Danke fuer die super schnelle Antwort.

Die Moeglichkeit im CP User Modul hatte ich auch schon entdeckt, aber
mich verunsichert nur dieser Hinweis ein wenig:

*WARNUNG:* Bitte hier keine Benutzereinstellungen verändern.  Benutzen Sie die Kunden- und Resellereinstellungen im Kundenmodul.  Modifizieren der Benutzer oder Gruppen hier könnte zum Datenverlust  führen!
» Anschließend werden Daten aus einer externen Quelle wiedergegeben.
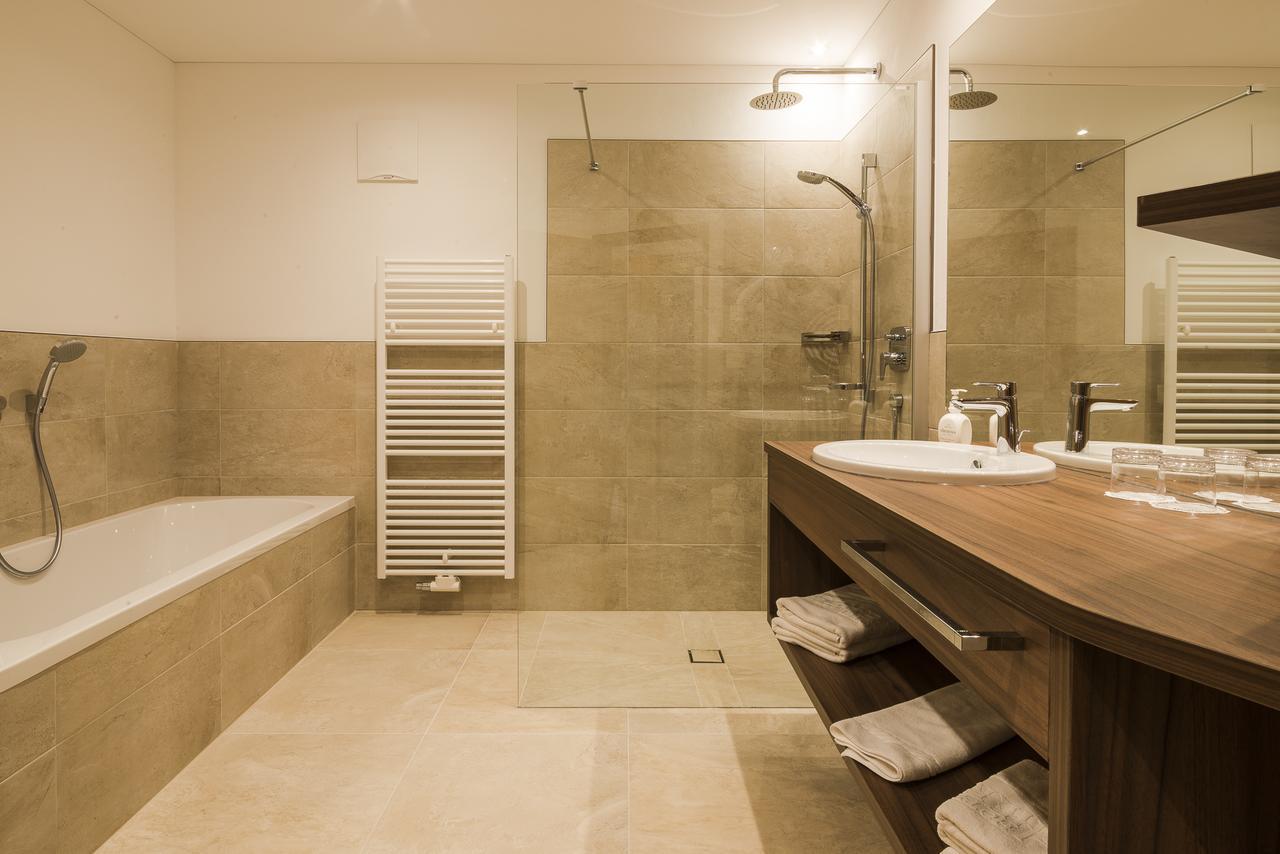 Suite mit Balkon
Hier pro Benutzer Module an- und abzuschalten ist also der "recommended way"?


----------



## mattula (13. Dez. 2011)

Zitat von Till:


> Ja.
> Ja.


Zu den ersten zwei "Ja" zur Installation ohne DNS im Expert Modus: 
1. Dann kann ich auch den lokal installierten Bind weglassen?
2. Laesst sich das DNS Modul optional spaeter nachinstallieren? Oder gibt es eine alternative Variante, es mitzuinstallieren, aber global zu deaktivieren, so dass es auch nirgends sichtbar ist?


----------



## F4RR3LL (13. Dez. 2011)

Das geht beides, Du kannst DNS entweder später nachinstallieren und dann aktivieren. Oder eben genau anders rum, es gleich mitinstallieren und im Adminpanel deaktivieren. 
Das mag ich so an ispconfig3, man ist wirklich flexibel.
Gruß Sven


----------



## Till (13. Dez. 2011)

> Hier pro Benutzer Module an- und abzuschalten ist also der "recommended way"?


Ja, das ist ok. Wir mussten die etwas drastische Warnung leider einbauen nachdem einige User auf die Idee gekommen waren, dort manuell neue CP User mit falschen Client links anzulegen anstatt dies über die Clients zu machen. Module An- / Ausschalten und das Startmodul ändern ist kein Problem.


----------